=== WORK INSTRUCTION ===
Starting at the line with "MOON FULL color Gel polish, 8 ml №323" and going on through the line with "Polaris Flat Washer, M10", reproduce each line in the records below exactly and nothing more.

=== SUPPLIED ENTRIES ===

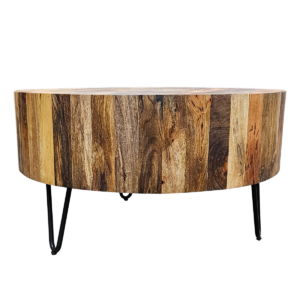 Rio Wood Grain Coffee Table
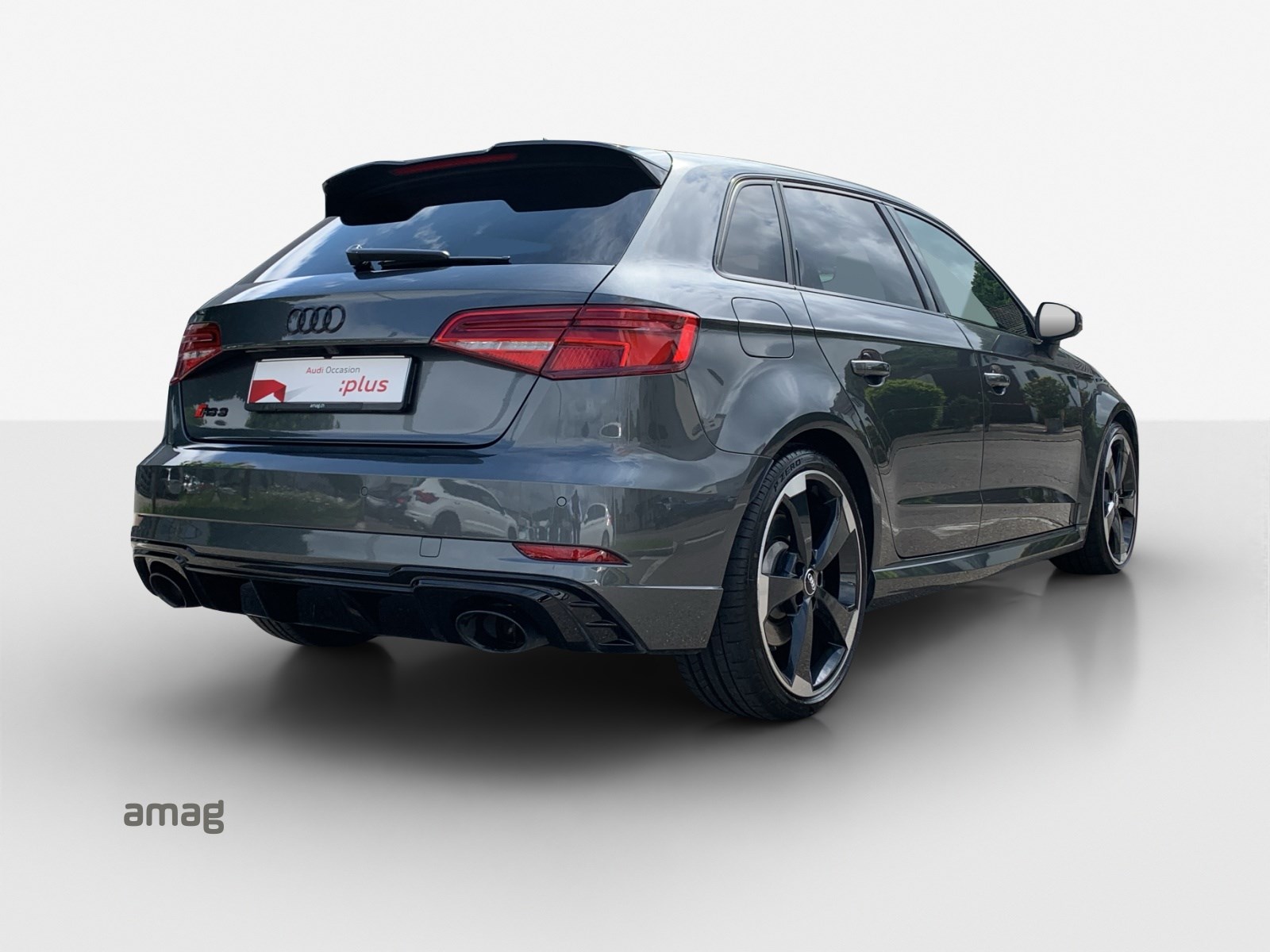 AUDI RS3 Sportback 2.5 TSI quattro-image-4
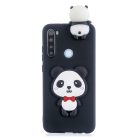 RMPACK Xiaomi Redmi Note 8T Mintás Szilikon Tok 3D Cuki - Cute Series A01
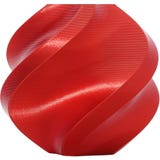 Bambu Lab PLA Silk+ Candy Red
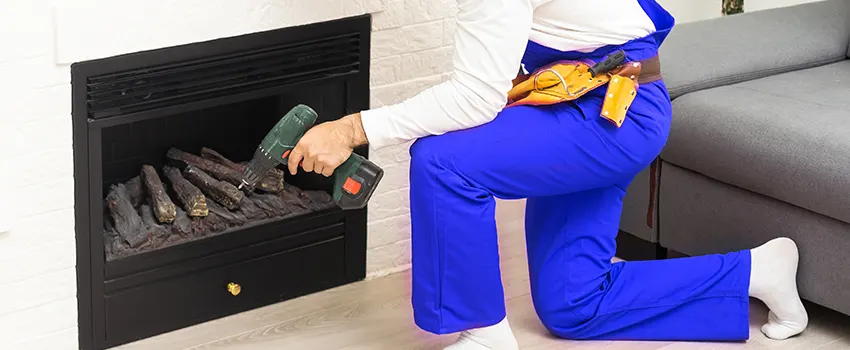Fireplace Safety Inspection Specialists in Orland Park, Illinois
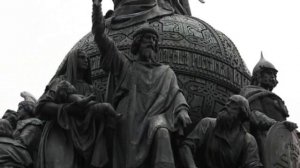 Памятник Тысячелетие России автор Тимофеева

==

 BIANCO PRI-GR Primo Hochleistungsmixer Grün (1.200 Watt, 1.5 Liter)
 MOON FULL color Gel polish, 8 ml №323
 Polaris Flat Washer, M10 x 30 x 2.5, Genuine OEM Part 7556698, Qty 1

=== YOUR RESPONSE ===
 MOON FULL color Gel polish, 8 ml №323
 Polaris Flat Washer, M10 x 30 x 2.5, Genuine OEM Part 7556698, Qty 1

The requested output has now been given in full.